* [Supplied material]:

----

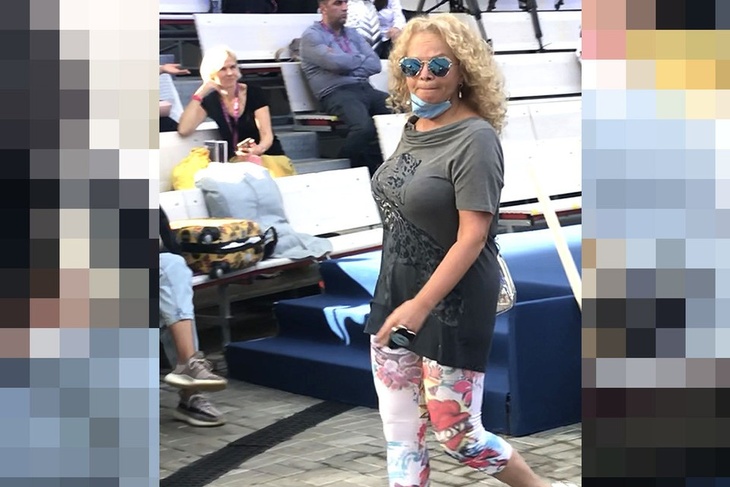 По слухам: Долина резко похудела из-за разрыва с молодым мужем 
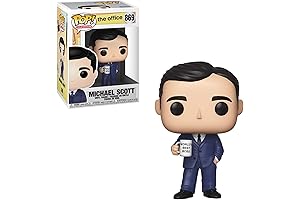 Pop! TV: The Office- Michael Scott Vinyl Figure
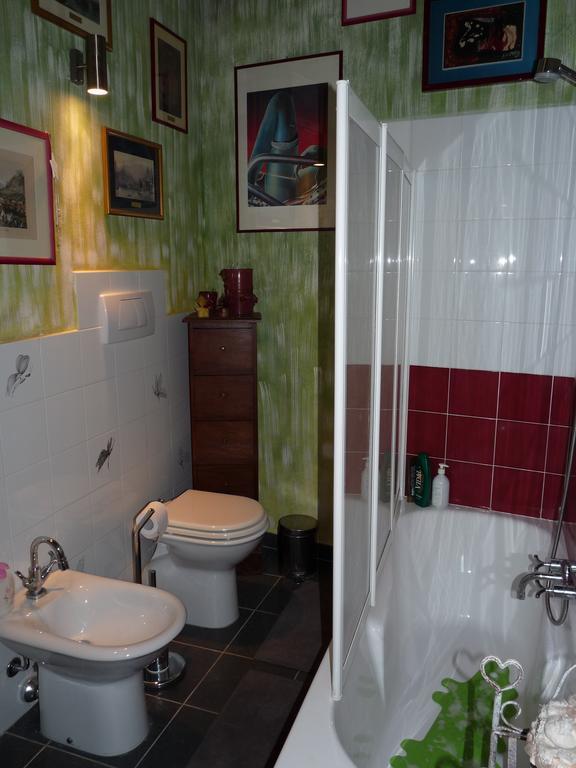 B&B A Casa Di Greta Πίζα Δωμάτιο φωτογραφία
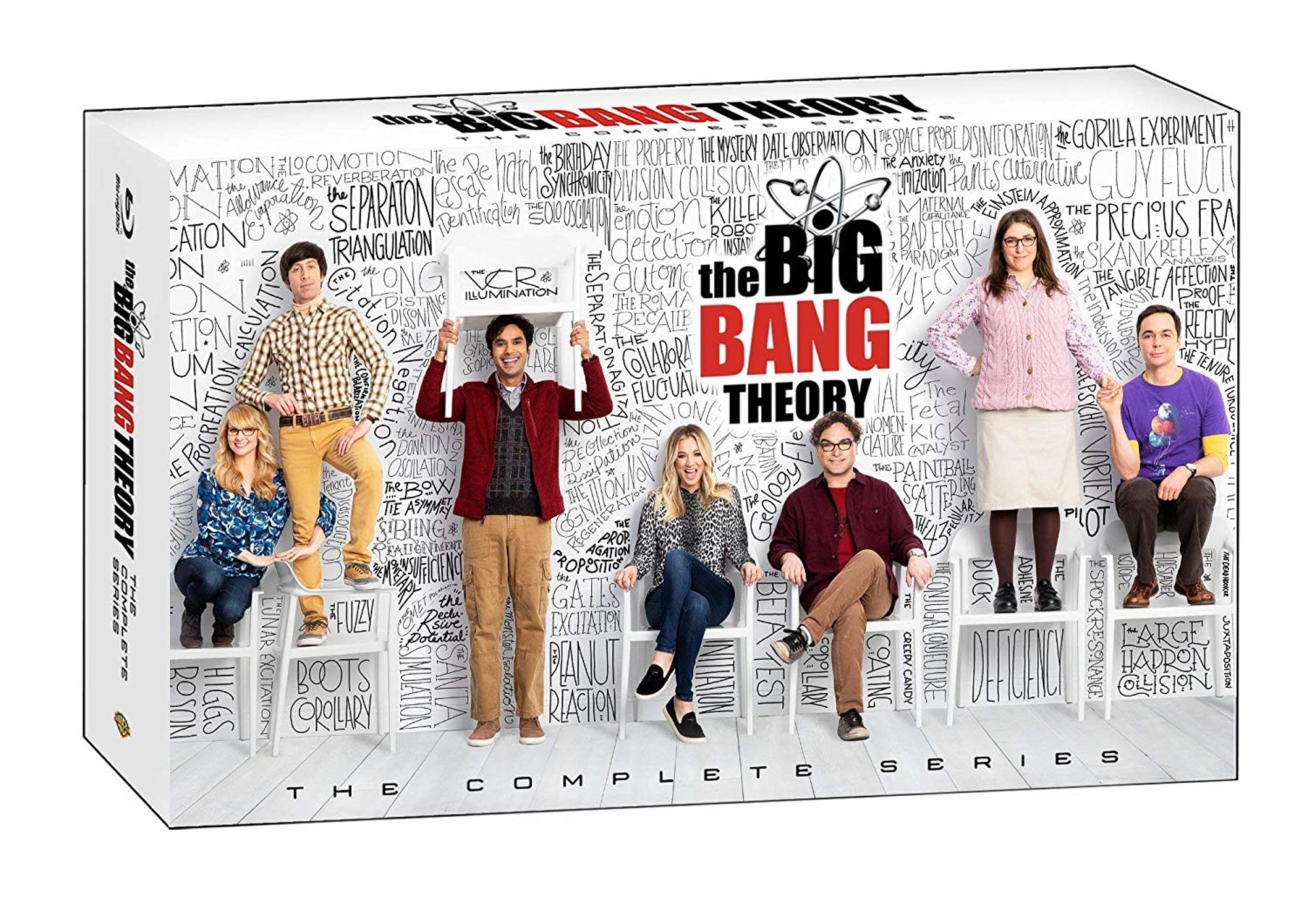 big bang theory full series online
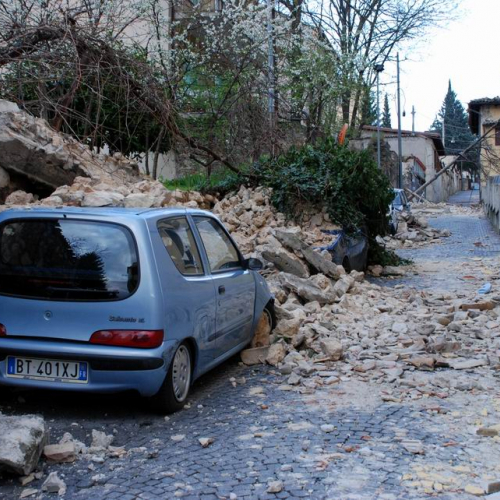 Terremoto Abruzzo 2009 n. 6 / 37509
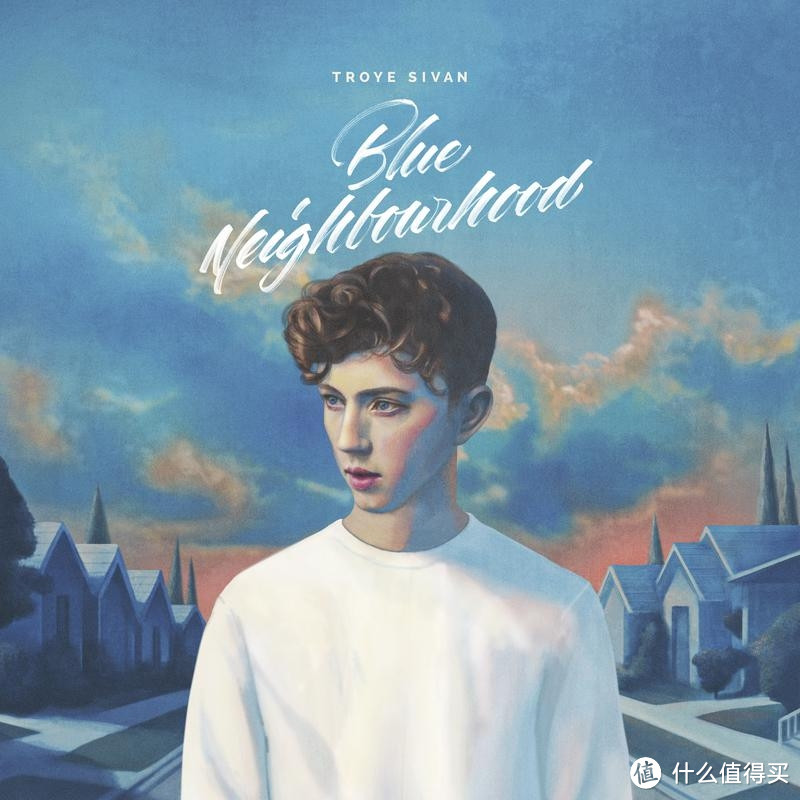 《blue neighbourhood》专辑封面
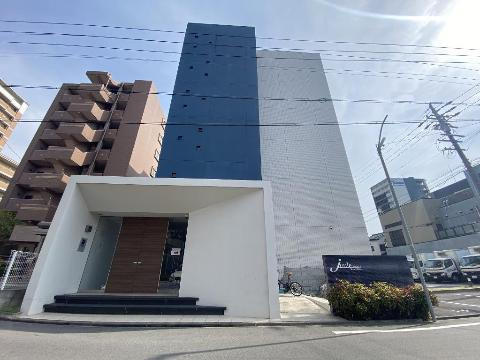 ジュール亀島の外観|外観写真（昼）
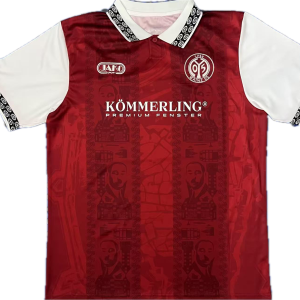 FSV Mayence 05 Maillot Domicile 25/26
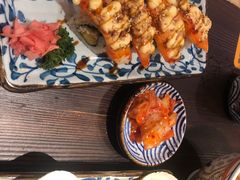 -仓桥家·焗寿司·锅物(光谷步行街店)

----

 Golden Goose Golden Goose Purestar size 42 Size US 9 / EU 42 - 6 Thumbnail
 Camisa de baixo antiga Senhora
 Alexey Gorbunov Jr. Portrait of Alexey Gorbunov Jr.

----

* [What the exercise asks]: Would you please write out, exactly and with no other lines, the stretch of the listing above from the line containing "Golden Goose Golden" through the line containing "Alexey Gorbunov Jr. Portrait"?

* [Answer space]:
 Golden Goose Golden Goose Purestar size 42 Size US 9 / EU 42 - 6 Thumbnail
 Camisa de baixo antiga Senhora
 Alexey Gorbunov Jr. Portrait of Alexey Gorbunov Jr.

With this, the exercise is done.